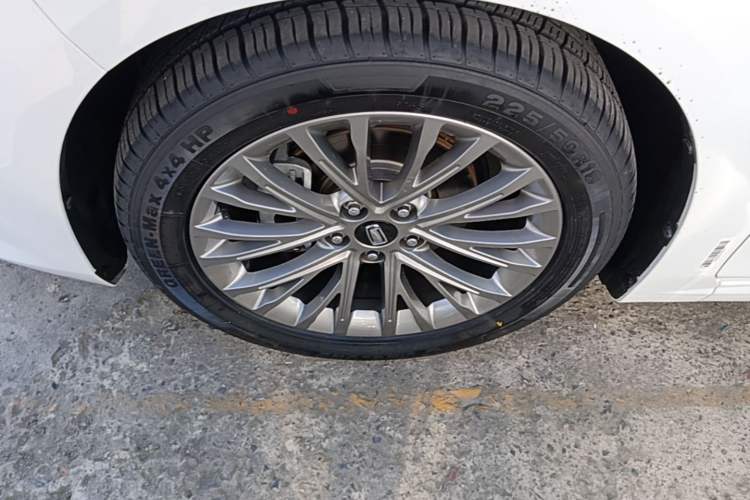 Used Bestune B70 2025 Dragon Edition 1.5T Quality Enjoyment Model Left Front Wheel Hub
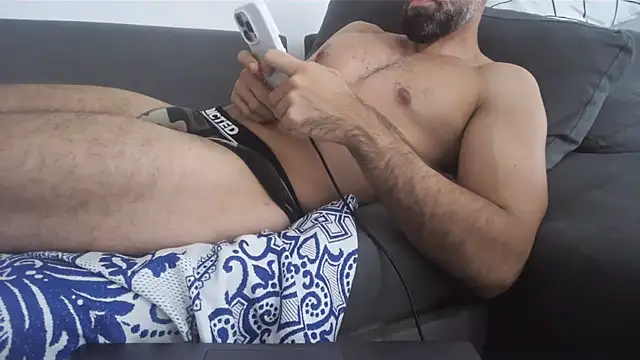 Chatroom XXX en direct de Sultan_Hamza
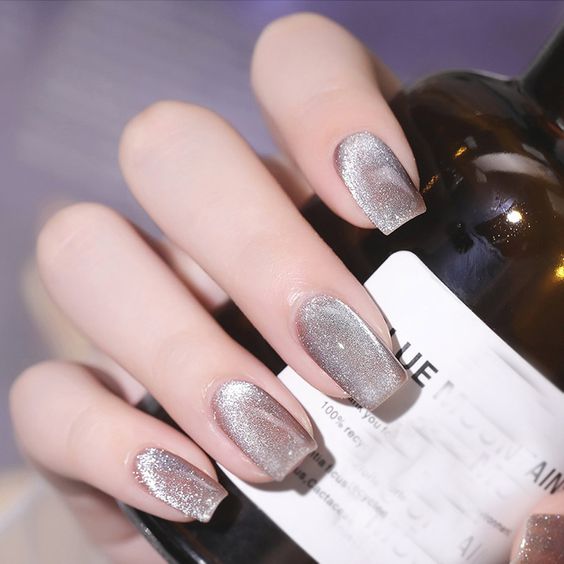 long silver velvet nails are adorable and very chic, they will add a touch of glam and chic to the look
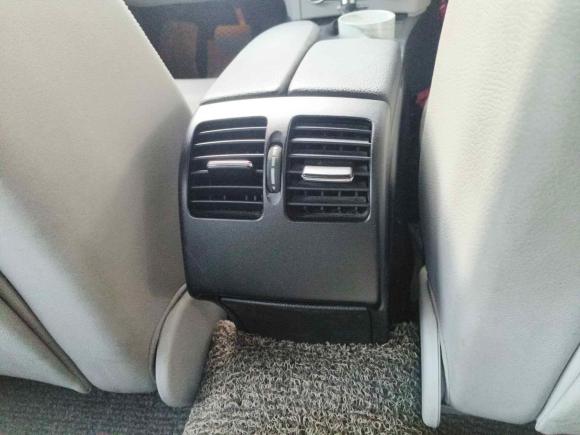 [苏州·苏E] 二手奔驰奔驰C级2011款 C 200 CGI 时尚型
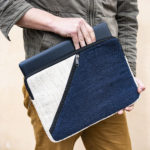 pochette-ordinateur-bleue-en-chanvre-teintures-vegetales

- **What needs to be done**
The records above are to be transcribed word for word. Skip the images.

- **Expected answer**
 Used Bestune B70 2025 Dragon Edition 1.5T Quality Enjoyment Model Left Front Wheel Hub
 Chatroom XXX en direct de Sultan_Hamza
 long silver velvet nails are adorable and very chic, they will add a touch of glam and chic to the look
 [苏州·苏E] 二手奔驰奔驰C级2011款 C 200 CGI 时尚型
 pochette-ordinateur-bleue-en-chanvre-teintures-vegetales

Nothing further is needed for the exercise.